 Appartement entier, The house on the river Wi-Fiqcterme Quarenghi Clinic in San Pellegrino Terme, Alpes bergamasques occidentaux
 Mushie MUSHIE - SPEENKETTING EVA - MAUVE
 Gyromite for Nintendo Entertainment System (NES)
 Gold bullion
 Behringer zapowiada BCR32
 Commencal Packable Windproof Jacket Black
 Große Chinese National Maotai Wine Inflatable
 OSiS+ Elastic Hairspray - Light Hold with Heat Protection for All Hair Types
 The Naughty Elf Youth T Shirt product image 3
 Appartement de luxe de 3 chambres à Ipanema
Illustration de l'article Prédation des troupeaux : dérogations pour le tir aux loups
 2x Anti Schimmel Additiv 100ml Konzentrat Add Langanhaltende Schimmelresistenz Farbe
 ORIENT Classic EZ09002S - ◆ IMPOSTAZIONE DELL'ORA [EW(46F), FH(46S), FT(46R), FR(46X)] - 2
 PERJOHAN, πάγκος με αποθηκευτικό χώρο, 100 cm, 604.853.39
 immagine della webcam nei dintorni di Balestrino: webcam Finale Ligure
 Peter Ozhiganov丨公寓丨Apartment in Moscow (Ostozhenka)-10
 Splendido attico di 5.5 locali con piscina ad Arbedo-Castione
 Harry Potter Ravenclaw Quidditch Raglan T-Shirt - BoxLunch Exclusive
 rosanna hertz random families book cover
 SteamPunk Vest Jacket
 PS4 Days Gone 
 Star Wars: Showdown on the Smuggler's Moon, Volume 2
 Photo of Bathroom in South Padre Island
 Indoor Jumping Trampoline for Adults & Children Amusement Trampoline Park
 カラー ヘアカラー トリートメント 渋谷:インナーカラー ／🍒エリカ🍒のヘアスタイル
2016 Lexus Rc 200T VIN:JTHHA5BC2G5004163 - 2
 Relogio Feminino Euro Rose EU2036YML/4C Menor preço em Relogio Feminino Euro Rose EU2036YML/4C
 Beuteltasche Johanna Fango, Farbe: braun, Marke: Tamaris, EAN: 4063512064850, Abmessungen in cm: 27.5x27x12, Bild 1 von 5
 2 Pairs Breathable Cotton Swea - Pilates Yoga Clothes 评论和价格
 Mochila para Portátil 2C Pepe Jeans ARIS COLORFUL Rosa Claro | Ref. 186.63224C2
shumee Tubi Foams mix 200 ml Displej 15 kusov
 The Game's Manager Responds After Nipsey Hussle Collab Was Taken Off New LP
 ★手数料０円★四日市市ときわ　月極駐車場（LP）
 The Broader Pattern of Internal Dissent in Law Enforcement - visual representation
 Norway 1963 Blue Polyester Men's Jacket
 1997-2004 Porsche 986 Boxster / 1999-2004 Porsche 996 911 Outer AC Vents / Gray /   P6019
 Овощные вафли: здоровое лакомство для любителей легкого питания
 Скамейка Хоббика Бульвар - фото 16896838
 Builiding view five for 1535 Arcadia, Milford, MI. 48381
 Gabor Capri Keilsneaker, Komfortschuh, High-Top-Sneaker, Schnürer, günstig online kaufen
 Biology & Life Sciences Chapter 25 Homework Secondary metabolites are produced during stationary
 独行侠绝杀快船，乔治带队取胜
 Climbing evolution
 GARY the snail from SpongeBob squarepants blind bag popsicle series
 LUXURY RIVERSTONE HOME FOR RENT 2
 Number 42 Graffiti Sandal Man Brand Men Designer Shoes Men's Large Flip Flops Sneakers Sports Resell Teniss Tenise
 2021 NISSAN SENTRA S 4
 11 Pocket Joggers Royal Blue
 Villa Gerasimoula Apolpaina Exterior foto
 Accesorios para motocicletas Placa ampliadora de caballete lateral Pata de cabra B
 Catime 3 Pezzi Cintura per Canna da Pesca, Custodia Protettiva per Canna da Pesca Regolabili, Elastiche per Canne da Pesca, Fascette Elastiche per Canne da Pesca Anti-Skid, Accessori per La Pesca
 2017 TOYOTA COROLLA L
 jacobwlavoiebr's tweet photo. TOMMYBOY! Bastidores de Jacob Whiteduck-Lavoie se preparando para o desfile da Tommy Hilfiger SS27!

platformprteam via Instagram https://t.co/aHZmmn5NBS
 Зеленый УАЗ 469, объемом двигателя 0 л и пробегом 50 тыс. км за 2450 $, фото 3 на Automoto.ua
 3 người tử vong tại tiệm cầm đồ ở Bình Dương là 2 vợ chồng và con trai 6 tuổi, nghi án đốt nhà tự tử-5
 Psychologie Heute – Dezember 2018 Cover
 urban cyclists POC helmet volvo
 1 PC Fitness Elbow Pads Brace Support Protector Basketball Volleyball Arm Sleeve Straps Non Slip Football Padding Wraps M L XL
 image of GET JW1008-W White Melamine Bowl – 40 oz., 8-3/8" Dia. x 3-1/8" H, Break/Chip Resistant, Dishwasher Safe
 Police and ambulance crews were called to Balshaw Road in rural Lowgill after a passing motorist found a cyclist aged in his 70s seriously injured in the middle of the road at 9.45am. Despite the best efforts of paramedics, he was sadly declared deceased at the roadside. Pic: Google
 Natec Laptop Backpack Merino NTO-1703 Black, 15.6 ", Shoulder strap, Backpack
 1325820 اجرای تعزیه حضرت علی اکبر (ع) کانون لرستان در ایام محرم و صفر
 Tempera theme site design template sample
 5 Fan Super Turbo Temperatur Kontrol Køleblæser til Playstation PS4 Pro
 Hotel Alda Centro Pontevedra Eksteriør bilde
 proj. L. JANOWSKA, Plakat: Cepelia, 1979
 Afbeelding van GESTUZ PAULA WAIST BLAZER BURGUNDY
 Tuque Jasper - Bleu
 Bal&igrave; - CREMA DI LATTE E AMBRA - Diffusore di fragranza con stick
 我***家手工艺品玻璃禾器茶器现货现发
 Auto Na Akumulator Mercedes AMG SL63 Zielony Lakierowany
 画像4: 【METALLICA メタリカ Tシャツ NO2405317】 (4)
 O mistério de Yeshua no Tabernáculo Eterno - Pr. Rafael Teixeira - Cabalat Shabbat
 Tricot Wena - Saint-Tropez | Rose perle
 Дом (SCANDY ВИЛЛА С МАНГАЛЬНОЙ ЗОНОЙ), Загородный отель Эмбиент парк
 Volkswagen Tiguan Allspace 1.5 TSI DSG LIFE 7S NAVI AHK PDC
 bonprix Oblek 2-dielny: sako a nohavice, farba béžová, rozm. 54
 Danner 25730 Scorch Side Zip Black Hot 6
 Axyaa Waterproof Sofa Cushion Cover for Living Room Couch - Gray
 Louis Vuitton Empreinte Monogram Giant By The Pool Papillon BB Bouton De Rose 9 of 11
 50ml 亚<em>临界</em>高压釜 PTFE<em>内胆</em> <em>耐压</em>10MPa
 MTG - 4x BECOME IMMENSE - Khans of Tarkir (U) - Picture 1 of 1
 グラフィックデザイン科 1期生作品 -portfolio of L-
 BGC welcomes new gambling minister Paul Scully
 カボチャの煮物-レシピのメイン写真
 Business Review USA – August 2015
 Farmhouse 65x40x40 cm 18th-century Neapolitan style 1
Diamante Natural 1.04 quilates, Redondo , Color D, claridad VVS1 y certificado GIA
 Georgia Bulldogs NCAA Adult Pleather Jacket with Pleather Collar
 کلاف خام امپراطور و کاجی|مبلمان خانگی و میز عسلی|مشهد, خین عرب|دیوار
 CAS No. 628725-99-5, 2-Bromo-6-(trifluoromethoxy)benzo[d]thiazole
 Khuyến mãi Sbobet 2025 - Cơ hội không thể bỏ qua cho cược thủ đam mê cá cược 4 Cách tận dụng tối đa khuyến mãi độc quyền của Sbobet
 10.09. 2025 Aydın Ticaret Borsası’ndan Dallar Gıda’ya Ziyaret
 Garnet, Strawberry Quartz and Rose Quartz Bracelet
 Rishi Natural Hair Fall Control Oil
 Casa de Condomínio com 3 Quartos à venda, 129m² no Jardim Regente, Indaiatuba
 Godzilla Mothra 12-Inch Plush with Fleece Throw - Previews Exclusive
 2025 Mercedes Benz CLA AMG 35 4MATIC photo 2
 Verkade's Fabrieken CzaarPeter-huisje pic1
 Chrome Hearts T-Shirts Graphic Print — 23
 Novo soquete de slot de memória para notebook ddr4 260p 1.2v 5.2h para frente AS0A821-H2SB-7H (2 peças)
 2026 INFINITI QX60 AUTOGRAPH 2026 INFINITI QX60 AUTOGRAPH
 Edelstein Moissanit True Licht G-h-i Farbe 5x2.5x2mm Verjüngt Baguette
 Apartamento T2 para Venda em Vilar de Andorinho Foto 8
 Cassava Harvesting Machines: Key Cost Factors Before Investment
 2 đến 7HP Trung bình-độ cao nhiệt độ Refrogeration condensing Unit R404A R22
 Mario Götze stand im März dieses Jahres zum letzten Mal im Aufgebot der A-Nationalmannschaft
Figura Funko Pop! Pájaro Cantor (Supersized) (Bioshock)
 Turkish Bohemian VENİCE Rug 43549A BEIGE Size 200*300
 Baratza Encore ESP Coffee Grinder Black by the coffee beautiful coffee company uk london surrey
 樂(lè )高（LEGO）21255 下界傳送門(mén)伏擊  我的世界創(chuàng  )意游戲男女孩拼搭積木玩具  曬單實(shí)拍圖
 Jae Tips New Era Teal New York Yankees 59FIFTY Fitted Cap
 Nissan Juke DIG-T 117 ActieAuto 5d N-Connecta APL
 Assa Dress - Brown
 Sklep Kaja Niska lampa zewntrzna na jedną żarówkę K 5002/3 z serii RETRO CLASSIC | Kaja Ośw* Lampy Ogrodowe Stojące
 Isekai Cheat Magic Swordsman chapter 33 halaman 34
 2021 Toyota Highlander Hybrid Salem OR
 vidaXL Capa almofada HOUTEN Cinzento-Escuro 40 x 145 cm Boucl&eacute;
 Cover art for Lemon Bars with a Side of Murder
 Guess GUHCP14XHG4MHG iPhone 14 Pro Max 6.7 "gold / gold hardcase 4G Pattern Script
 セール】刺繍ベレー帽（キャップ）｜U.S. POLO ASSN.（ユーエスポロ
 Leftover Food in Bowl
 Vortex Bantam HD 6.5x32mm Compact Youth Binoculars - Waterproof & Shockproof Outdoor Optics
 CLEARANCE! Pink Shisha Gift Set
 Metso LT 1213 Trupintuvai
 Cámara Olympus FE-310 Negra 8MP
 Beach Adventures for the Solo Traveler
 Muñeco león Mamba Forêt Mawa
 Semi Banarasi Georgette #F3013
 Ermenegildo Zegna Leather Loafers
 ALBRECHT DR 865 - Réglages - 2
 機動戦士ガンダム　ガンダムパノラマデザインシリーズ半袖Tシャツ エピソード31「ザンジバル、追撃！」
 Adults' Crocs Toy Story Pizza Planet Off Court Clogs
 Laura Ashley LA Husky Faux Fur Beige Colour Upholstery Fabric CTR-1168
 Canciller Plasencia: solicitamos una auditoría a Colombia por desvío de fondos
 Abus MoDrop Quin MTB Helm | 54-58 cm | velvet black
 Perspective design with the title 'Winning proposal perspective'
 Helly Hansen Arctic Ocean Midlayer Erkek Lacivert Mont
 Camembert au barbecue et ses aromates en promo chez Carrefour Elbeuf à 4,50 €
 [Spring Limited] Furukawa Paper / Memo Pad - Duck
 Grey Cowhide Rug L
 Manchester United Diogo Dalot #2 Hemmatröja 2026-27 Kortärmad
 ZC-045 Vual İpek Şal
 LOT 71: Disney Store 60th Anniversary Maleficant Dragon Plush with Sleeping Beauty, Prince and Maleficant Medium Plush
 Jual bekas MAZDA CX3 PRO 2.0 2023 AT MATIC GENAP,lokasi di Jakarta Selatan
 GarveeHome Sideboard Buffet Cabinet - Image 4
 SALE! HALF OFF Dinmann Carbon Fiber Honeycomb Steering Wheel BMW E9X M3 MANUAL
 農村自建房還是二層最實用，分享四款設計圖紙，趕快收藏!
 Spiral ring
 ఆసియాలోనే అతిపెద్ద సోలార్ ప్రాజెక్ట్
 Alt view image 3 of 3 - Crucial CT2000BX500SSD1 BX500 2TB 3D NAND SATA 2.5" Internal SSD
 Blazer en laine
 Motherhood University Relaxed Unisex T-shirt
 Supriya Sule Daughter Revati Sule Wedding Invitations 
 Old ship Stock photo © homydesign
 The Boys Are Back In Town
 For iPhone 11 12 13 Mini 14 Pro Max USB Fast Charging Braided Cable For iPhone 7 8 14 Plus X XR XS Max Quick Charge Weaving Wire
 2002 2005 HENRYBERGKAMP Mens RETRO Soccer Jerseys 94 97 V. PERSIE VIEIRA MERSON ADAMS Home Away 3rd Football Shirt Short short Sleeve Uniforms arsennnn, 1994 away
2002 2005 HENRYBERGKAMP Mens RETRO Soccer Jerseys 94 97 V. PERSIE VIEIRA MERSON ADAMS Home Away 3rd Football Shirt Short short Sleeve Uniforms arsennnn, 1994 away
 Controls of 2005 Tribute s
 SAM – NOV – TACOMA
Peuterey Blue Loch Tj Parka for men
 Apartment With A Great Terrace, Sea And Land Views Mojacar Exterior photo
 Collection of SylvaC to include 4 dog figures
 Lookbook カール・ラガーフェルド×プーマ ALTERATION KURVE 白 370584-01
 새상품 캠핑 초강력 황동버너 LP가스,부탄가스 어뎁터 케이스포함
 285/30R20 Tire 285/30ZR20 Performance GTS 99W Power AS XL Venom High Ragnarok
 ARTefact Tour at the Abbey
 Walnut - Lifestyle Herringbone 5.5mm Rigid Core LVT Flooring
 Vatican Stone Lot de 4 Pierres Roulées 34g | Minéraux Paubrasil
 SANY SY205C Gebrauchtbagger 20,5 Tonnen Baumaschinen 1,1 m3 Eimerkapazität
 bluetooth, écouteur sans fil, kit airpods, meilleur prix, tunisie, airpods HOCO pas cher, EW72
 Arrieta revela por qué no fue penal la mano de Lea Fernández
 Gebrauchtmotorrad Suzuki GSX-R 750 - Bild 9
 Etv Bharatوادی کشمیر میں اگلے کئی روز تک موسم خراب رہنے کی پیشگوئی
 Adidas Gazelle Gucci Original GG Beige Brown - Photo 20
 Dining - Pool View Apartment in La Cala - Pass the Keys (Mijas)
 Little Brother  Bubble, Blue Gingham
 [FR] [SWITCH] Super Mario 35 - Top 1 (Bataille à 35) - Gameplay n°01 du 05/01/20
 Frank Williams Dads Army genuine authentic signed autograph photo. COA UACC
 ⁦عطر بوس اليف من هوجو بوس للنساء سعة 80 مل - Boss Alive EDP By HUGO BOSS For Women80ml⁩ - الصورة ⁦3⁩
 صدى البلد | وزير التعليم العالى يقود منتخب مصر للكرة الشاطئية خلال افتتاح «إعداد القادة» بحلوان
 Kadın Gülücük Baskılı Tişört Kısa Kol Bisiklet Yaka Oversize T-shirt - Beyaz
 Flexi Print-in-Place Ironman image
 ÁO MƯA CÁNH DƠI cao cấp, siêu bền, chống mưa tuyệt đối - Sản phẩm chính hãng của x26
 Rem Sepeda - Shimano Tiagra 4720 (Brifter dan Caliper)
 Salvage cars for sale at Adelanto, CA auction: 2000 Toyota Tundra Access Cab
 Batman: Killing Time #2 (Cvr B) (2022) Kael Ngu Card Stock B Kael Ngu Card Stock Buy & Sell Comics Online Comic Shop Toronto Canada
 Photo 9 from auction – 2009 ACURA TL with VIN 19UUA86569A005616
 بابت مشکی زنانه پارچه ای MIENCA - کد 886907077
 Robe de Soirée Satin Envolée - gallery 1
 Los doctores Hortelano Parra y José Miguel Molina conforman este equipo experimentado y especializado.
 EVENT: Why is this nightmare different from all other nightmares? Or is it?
_ _ _ _
**What to do**
Transcribe, exactly and without additions, the lines of the records above, beginning with the line that contains "Motherhood University Relaxed Unisex T-shirt" and ending with the line that contains "[FR] [SWITCH] Super", both included.

**Answer below**
 Motherhood University Relaxed Unisex T-shirt
 Supriya Sule Daughter Revati Sule Wedding Invitations 
 Old ship Stock photo © homydesign
 The Boys Are Back In Town
 For iPhone 11 12 13 Mini 14 Pro Max USB Fast Charging Braided Cable For iPhone 7 8 14 Plus X XR XS Max Quick Charge Weaving Wire
 2002 2005 HENRYBERGKAMP Mens RETRO Soccer Jerseys 94 97 V. PERSIE VIEIRA MERSON ADAMS Home Away 3rd Football Shirt Short short Sleeve Uniforms arsennnn, 1994 away
2002 2005 HENRYBERGKAMP Mens RETRO Soccer Jerseys 94 97 V. PERSIE VIEIRA MERSON ADAMS Home Away 3rd Football Shirt Short short Sleeve Uniforms arsennnn, 1994 away
 Controls of 2005 Tribute s
 SAM – NOV – TACOMA
Peuterey Blue Loch Tj Parka for men
 Apartment With A Great Terrace, Sea And Land Views Mojacar Exterior photo
 Collection of SylvaC to include 4 dog figures
 Lookbook カール・ラガーフェルド×プーマ ALTERATION KURVE 白 370584-01
 새상품 캠핑 초강력 황동버너 LP가스,부탄가스 어뎁터 케이스포함
 285/30R20 Tire 285/30ZR20 Performance GTS 99W Power AS XL Venom High Ragnarok
 ARTefact Tour at the Abbey
 Walnut - Lifestyle Herringbone 5.5mm Rigid Core LVT Flooring
 Vatican Stone Lot de 4 Pierres Roulées 34g | Minéraux Paubrasil
 SANY SY205C Gebrauchtbagger 20,5 Tonnen Baumaschinen 1,1 m3 Eimerkapazität
 bluetooth, écouteur sans fil, kit airpods, meilleur prix, tunisie, airpods HOCO pas cher, EW72
 Arrieta revela por qué no fue penal la mano de Lea Fernández
 Gebrauchtmotorrad Suzuki GSX-R 750 - Bild 9
 Etv Bharatوادی کشمیر میں اگلے کئی روز تک موسم خراب رہنے کی پیشگوئی
 Adidas Gazelle Gucci Original GG Beige Brown - Photo 20
 Dining - Pool View Apartment in La Cala - Pass the Keys (Mijas)
 Little Brother  Bubble, Blue Gingham
 [FR] [SWITCH] Super Mario 35 - Top 1 (Bataille à 35) - Gameplay n°01 du 05/01/20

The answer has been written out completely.